Aunt Vadge: My vagina is itchy after being fingered

TL;DR

An 18-year-old from India seeks advice for vaginal itching and bleeding after being fingered, questioning hymen integrity and doctor’s confidentiality. The response highlights hymen misconceptions, the unlikelihood of a doctor determining sexual activity from a physical exam, and emphasizes self-examination and professional medical consultation for relief and understanding.

Dear Aunt Vadge, 

I got fingered by my boyfriend recently and one of the days it started bleeding heavily. After cleaning up, the bleeding stopped, but then it has started to itch. Alot. 

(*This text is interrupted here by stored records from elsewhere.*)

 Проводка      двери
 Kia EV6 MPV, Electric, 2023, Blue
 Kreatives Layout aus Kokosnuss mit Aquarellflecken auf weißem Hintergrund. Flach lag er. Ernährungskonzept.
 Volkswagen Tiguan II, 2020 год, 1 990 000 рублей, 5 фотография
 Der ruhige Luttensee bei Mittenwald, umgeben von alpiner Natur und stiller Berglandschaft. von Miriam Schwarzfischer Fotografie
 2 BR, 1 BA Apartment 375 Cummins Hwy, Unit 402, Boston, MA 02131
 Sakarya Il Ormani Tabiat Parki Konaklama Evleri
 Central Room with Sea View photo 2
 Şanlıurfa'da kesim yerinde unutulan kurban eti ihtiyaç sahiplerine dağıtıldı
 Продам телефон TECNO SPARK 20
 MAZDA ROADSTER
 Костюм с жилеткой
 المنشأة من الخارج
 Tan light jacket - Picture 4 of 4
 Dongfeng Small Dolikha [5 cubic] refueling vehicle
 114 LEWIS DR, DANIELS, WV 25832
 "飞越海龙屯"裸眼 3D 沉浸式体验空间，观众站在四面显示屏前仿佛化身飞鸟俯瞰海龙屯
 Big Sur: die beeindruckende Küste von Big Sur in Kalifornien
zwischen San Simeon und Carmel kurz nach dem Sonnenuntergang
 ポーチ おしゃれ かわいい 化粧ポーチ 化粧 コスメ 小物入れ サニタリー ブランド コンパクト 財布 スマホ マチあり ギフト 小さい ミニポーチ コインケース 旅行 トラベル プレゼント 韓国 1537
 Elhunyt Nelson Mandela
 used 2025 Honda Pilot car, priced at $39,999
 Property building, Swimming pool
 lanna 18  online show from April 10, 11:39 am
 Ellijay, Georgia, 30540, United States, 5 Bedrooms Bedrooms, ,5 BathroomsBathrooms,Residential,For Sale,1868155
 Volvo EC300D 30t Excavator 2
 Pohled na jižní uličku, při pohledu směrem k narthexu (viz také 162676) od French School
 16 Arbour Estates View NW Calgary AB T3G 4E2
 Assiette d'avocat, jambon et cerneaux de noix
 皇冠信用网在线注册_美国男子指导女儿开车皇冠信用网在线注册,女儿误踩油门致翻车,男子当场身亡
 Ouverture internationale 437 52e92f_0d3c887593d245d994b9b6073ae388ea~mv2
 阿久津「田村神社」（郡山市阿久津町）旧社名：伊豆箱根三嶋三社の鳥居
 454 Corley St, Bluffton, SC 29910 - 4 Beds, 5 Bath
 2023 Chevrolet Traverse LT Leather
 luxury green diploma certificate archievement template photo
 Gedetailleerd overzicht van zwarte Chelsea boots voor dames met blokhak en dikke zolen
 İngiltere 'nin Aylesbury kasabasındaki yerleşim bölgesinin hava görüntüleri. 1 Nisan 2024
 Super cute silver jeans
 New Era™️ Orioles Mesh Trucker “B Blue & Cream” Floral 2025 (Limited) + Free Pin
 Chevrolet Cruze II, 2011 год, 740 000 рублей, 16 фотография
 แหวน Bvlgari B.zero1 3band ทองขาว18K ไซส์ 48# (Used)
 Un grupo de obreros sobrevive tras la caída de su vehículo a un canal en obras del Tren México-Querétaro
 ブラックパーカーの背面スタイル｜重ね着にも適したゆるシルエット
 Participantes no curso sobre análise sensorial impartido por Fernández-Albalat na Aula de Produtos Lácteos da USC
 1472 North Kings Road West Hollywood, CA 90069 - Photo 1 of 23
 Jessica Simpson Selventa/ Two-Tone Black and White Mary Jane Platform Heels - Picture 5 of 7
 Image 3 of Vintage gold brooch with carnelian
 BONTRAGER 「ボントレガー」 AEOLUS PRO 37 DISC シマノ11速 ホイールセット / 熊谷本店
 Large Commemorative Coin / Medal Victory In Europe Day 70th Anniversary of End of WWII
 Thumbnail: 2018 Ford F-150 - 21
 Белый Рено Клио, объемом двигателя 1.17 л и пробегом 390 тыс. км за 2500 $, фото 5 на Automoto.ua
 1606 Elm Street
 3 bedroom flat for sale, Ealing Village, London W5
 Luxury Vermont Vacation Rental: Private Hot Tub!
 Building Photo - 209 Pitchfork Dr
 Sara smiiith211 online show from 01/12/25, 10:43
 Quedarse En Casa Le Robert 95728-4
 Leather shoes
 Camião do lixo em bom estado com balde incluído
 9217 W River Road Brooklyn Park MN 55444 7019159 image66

How can I check if my hymen is intact? And if I go to the doctor, will they realise I have been fingered? 

Please help me!
Confused
Age 18
India
_____

Dear Confused

If your hymen was there, and you got fingered, it’s possible that the bleeding was from your hymen being stretched and opened. The itch could be something healing up, but it could also be a yeast infection that has occurred at the same time, due to your tissue being disrupted by the fingering.

To see if your hymen is intact, you should get a mirror or your smartphone, a torch, and try to take a very up-close look. The hymen is very close to the outside of the vagina, so you should be able to see it covering the hole. If you were fingered, and use tampons, then it’s likely your hymen was stretched out and broken already. If you can fit a finger or two inside of your vagina, then your hymen has gone. You can read more about hymens here. 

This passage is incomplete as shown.